::: Records for this exercise

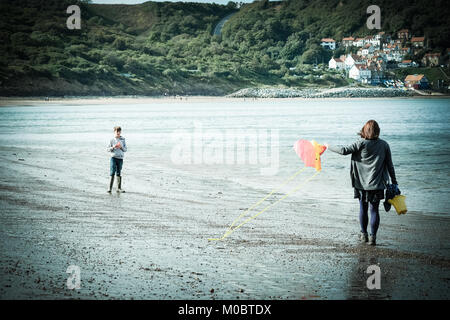 Mutter und Sohn am Strand mit Drachen in [Songbook] Bay, Yorkshire, Großbritannien Stockfoto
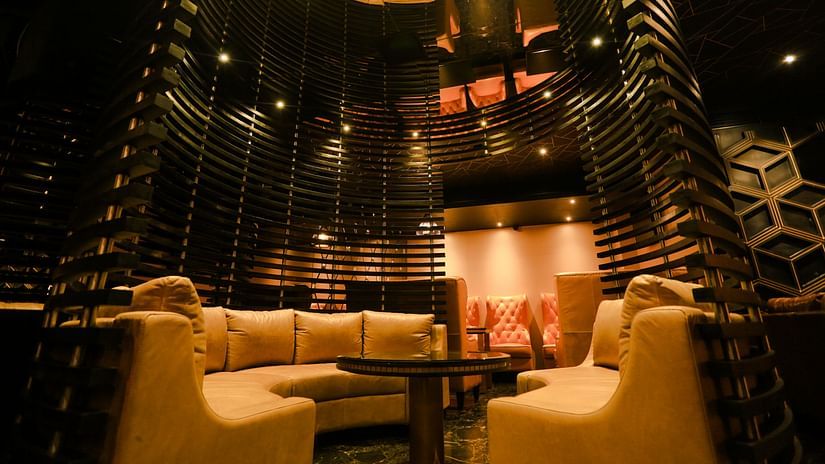 single seater sofas inside Lounge at Alchemy, our in-house bar in Chennai - Raj Park Hotel, Chennai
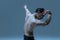 Half-length portrait of young man, flexible male contemp dancer dancing isolated on old navy studio background. Art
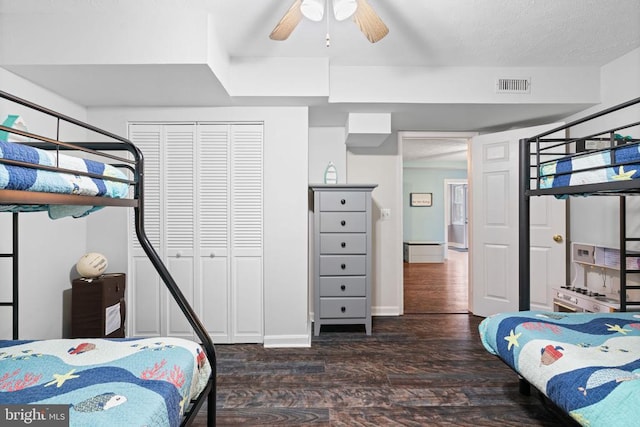 bedroom with a closet, dark wood-type flooring, and ceiling fan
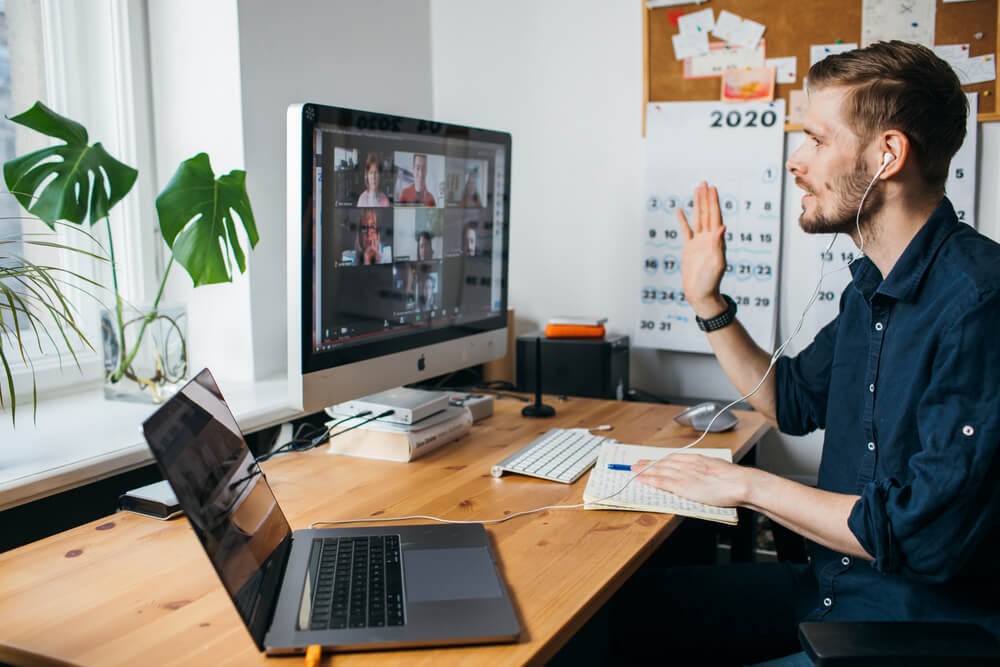 Man speaks to a computer monitor during a virtual meeting.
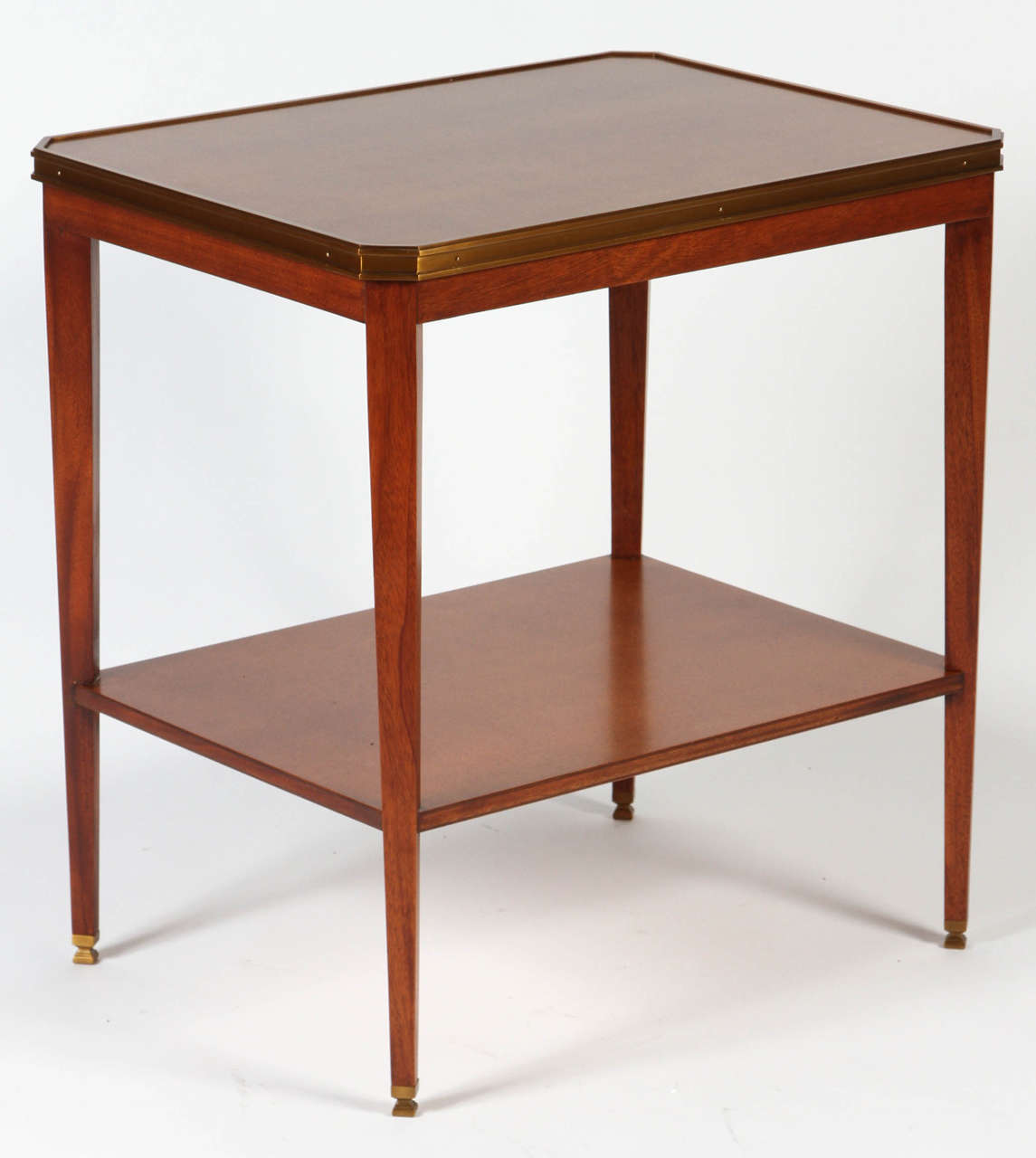 These lovely side tables are made from richly grained mahogany with an anegre wood top. They features a wood shelf and a French Brass rim surrounding the top and slender tapered posts capped with matching antique brass ferrules. Classic clean lines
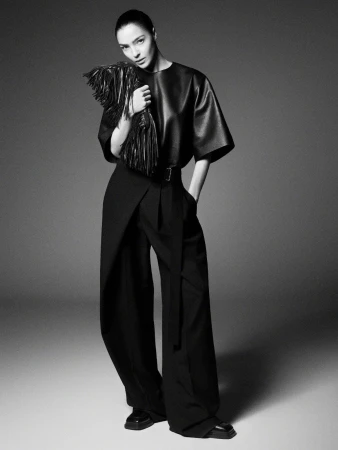 Model wearing dark leather top and wide trousers holding fringed bag against grey gradient studio background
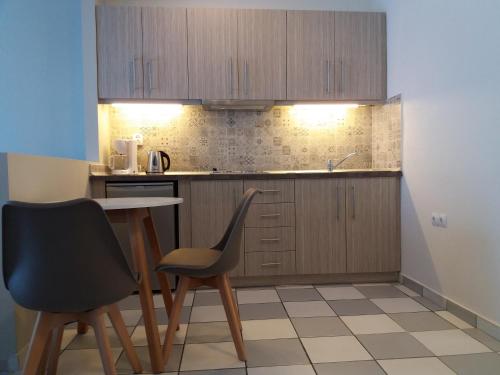 a kitchen with a table and two chairs at Irida Studios in Ágios Dimítrios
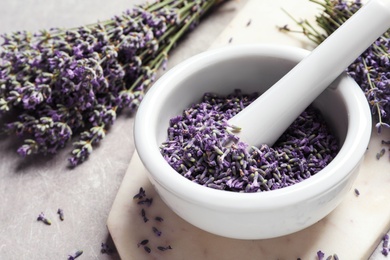 Photo of Mortar and pestle with lavender flowers on grey stone background, space for text. Natural cosmetic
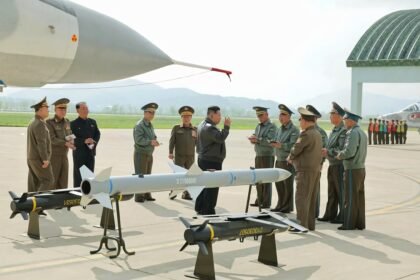 Pemimpin Tertinggi Kim Jong Un terlihat menginspeksi rudal di sebuah pangkalan udara, dikelilingi oleh perwira tinggi militer, Mei 2025. (kcna/ho/mp)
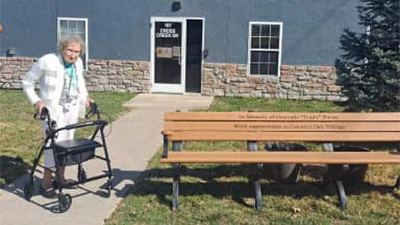 Memory care resident stands with memorial bench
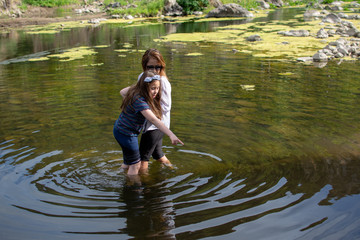 Woman and daughter crossing carefully in a stream or river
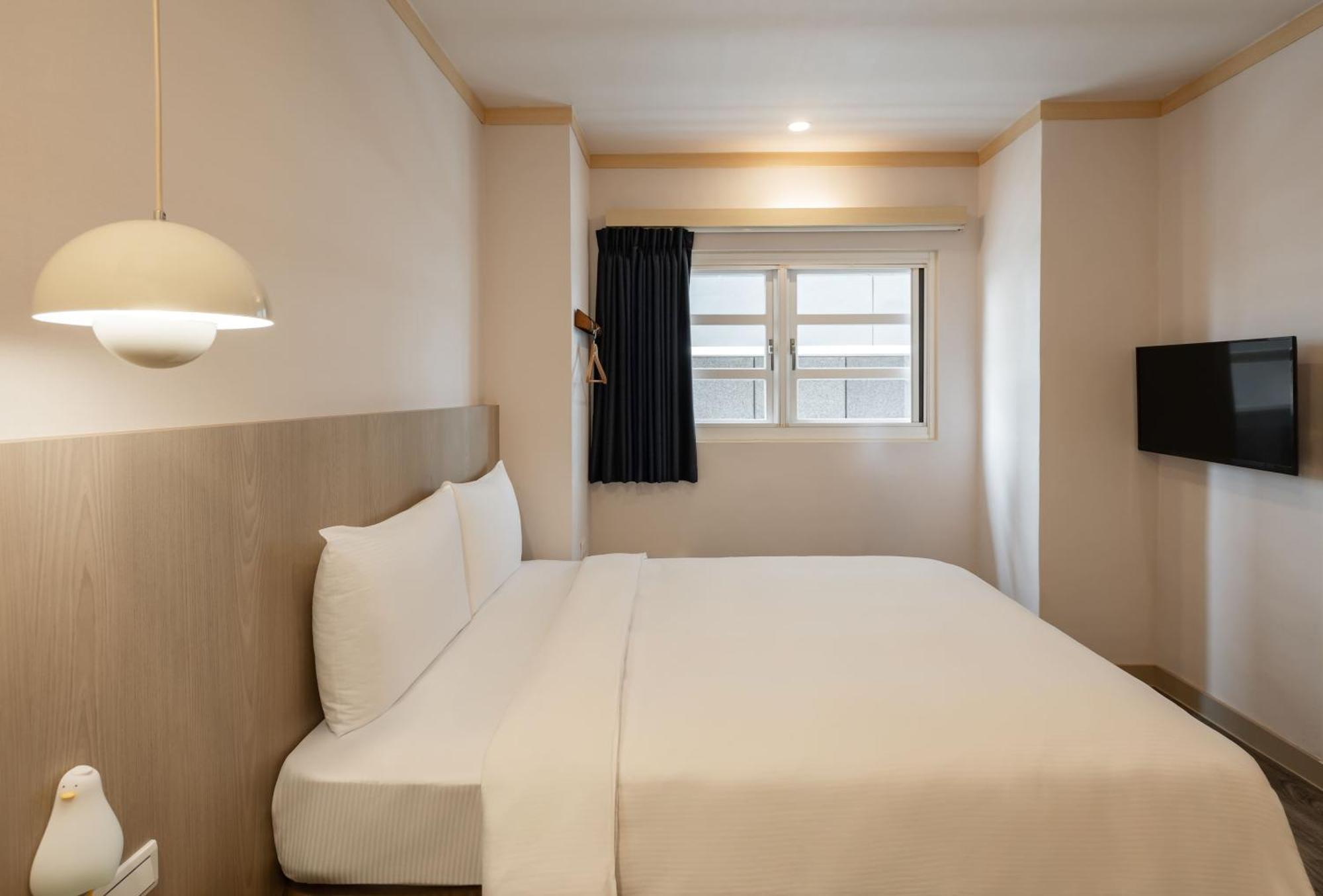 Kindness Hotel - Tainan Minsheng Habitación foto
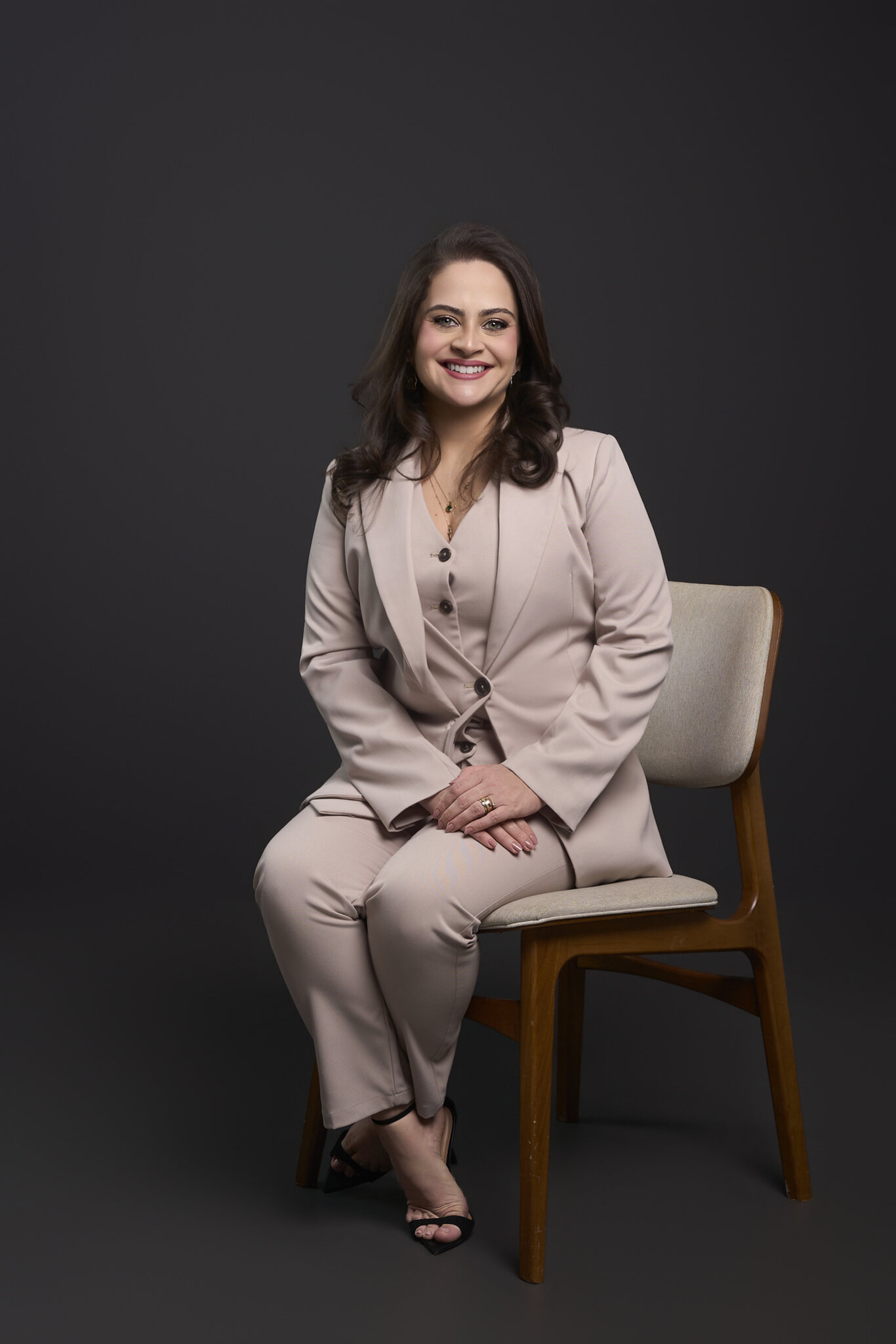 Dra. Claryssa Buriti sorrindo, sentada em cadeira de madeira clara, com terno bege claro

::::::

**Work item**
Reproduce each record from above exactly; pictures do not belong in the copy.

**Answer area**
 Mutter und Sohn am Strand mit Drachen in [Songbook] Bay, Yorkshire, Großbritannien Stockfoto
 single seater sofas inside Lounge at Alchemy, our in-house bar in Chennai - Raj Park Hotel, Chennai
 Half-length portrait of young man, flexible male contemp dancer dancing isolated on old navy studio background. Art
 bedroom with a closet, dark wood-type flooring, and ceiling fan
 Man speaks to a computer monitor during a virtual meeting.
 These lovely side tables are made from richly grained mahogany with an anegre wood top. They features a wood shelf and a French Brass rim surrounding the top and slender tapered posts capped with matching antique brass ferrules. Classic clean lines
 Model wearing dark leather top and wide trousers holding fringed bag against grey gradient studio background
 a kitchen with a table and two chairs at Irida Studios in Ágios Dimítrios
 Photo of Mortar and pestle with lavender flowers on grey stone background, space for text. Natural cosmetic
 Pemimpin Tertinggi Kim Jong Un terlihat menginspeksi rudal di sebuah pangkalan udara, dikelilingi oleh perwira tinggi militer, Mei 2025. (kcna/ho/mp)
 Memory care resident stands with memorial bench
 Woman and daughter crossing carefully in a stream or river
 Kindness Hotel - Tainan Minsheng Habitación foto
 Dra. Claryssa Buriti sorrindo, sentada em cadeira de madeira clara, com terno bege claro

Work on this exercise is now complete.